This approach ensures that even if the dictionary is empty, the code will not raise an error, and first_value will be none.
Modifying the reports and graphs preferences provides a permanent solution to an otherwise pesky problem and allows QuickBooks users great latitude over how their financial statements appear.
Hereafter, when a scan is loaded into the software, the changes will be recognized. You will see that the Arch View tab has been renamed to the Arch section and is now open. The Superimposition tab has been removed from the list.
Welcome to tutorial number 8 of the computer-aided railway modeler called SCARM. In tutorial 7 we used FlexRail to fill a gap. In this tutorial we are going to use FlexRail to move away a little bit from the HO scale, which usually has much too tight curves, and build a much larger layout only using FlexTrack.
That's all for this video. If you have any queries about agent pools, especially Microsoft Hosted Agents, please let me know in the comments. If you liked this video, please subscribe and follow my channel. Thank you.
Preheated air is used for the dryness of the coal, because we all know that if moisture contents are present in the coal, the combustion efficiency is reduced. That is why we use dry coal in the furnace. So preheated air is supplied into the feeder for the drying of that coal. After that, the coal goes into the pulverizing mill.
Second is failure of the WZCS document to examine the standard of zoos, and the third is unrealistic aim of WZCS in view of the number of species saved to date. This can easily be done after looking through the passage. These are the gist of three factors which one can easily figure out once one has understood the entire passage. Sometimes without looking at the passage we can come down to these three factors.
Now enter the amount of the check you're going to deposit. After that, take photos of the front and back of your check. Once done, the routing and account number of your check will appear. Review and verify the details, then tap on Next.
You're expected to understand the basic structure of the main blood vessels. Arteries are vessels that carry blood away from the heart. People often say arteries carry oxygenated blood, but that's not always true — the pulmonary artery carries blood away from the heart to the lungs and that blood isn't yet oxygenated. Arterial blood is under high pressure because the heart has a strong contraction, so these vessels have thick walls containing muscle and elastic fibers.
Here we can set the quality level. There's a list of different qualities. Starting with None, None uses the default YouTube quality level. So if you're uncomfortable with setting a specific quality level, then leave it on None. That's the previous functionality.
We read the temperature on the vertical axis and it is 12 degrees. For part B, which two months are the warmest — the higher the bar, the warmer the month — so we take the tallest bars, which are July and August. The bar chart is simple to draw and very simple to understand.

WORK REQUIRED - Above are the entries. Output exactly the lines beginning with the line that has "Preheated air is used" and ending with the line that has "Second is failure".

EXERCISE ANSWER -
Preheated air is used for the dryness of the coal, because we all know that if moisture contents are present in the coal, the combustion efficiency is reduced. That is why we use dry coal in the furnace. So preheated air is supplied into the feeder for the drying of that coal. After that, the coal goes into the pulverizing mill.
Second is failure of the WZCS document to examine the standard of zoos, and the third is unrealistic aim of WZCS in view of the number of species saved to date. This can easily be done after looking through the passage. These are the gist of three factors which one can easily figure out once one has understood the entire passage. Sometimes without looking at the passage we can come down to these three factors.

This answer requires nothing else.